Getting back on track for this month's article, I should point out that a six month lag between a break-in and a detection is pretty common in my experience. For example, I know of at least 3 cases in the last year with this characteristic pattern. And the same situation arose in the DISA study published about 5 years ago and cited as the basis for the numbers of attacks on Defense Department sites. In those studies, there was a breakin detected that had been going on for at least 6 months as well. The secret, by the way, to the 6-month duration is that lots of people and organizations only keep backup tapes for 6 months, so any attack that lasted longer would be called 6-months duration.
Now that I am on the backup thing, I figure I should also mention that I recently visited an ISP that claims to emphasize security as one of their benefits, but it turned out that they couldn't reproduce audit information from as little as 2 months ago. It seems that they take monthly backups and could produce the audit trails that happened to be on those systems when the systems were backed up, but for other audit trails - those that were removed on a weekly or daily basis to limit file space consumption, there were no backups. Unless you detected the activity within a few weeks, odds were not very good that any audit trails would be there to track down the source of the attack.

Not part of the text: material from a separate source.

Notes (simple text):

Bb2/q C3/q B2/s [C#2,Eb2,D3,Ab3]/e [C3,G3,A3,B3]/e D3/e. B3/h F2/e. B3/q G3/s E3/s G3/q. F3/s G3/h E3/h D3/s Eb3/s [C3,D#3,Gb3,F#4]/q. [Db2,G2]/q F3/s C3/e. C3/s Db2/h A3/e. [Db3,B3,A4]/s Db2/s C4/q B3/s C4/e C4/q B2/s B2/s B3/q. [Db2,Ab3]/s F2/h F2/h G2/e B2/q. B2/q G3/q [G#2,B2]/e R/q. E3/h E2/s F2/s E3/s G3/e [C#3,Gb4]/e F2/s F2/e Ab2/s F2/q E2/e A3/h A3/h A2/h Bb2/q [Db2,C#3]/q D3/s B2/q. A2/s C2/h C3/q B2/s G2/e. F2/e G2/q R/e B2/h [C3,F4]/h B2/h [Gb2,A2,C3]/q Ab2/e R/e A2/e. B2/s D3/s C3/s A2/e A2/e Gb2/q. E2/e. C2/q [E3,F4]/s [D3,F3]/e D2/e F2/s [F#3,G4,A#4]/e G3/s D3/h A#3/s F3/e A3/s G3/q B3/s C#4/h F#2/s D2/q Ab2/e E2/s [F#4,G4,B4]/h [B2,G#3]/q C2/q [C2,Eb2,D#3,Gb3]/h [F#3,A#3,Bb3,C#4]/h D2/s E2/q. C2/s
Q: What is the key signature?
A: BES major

In doing digital forensics - something I do more and more of these days - this sort of lack of information and lack of consistency reflects a real problem. For example, there might be missing exculpatory evidence, or the time frame of interest might not be covered. But in addition to the lack of forensic evidence, there is the notion that it would be nice to know if you are under attack - or at least be able to figure out when the attack started, how long it lasted, and what was involved - once you find out you are under attack.

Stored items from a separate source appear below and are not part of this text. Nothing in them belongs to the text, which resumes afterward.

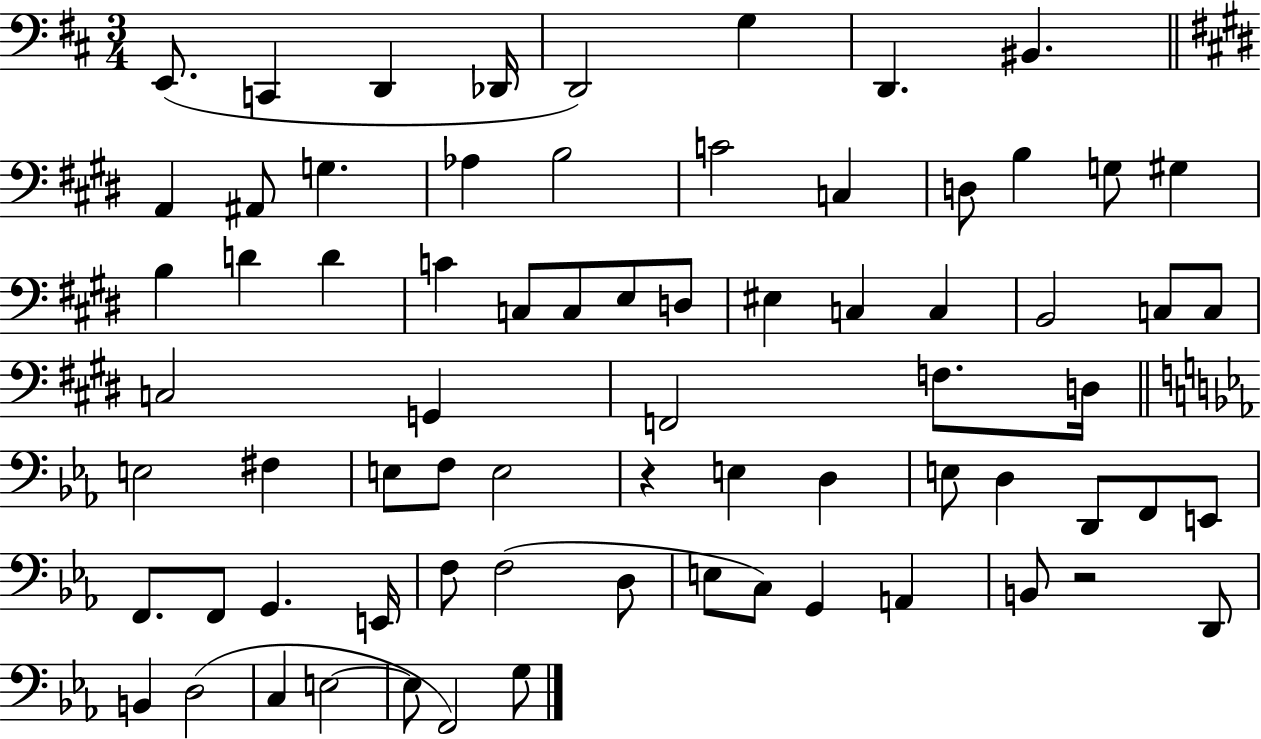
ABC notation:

X:1
T:Untitled
M:3/4
L:1/4
K:D
E,,/2 C,, D,, _D,,/4 D,,2 G, D,, ^B,, A,, ^A,,/2 G, _A, B,2 C2 C, D,/2 B, G,/2 ^G, B, D D C C,/2 C,/2 E,/2 D,/2 ^E, C, C, B,,2 C,/2 C,/2 C,2 G,, F,,2 F,/2 D,/4 E,2 ^F, E,/2 F,/2 E,2 z E, D, E,/2 D, D,,/2 F,,/2 E,,/2 F,,/2 F,,/2 G,, E,,/4 F,/2 F,2 D,/2 E,/2 C,/2 G,, A,, B,,/2 z2 D,,/2 B,, D,2 C, E,2 E,/2 F,,2 G,/2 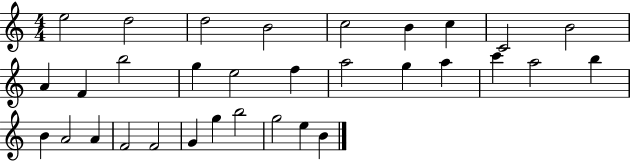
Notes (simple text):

E5/h D5/h D5/h B4/h C5/h B4/q C5/q C4/h B4/h A4/q F4/q B5/h G5/q E5/h F5/q A5/h G5/q A5/q C6/q A5/h B5/q B4/q A4/h A4/q F4/h F4/h G4/q G5/q B5/h G5/h E5/q B4/q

The information warriors are getting bolder and bolder, to the point where it's hard to explain it away as anything but a shooting war. The bad guys are in your face. They are taking your information. They are taking your money. They are destroying your information. Eventually, they may destroy your ability to do business and destroy your economy.
So what can you do about it? Not very much without some real serious management support and a few key decisions about what has priority in your organization. And that's what we really aren't getting. Getting good decisions on information protection seems like pulling teeth.
There was a time when people in information protection complained that senior management didn't use computers and therefore didn't understand what we were talking about with this information security thing. Now, the situation is worse. Senior management uses computers and doesn't want to be restricted from doing things that are inherently dangerous. For example, I know of many large companies where top management uses their desktop PC to dial out to America OnLine during the day so they can check their stock values and make trades.
First problem - what are they doing working on their personal financial portfolio on company time? That's called time card fraud and it is normally considered illegal - a form of theft. Second problem - AOL creates an IP tunnel between the PC and the Internet. This means that the senior management is creating a possible firewall bypass, and of course they have access to lots of sensitive company data, some of which is on their PC! Third problem, the use of the dial-out line for this activity makes if far more difficult to track what they do and implement intrusion detection on their systems. Fourth problem - instead of not caring, they actively work to keep unsafe features, making it far harder for security to get the job done.
We are losing the information war - mostly because we are losing the hearts and minds of our own people. The will to fight is overwhelmed by the will of the users to have fun and do what they will with information technology. It's like kids in a candy shop, telling them that it will ruin their teeth and they will get fat is not an effective way to stop them from overeating.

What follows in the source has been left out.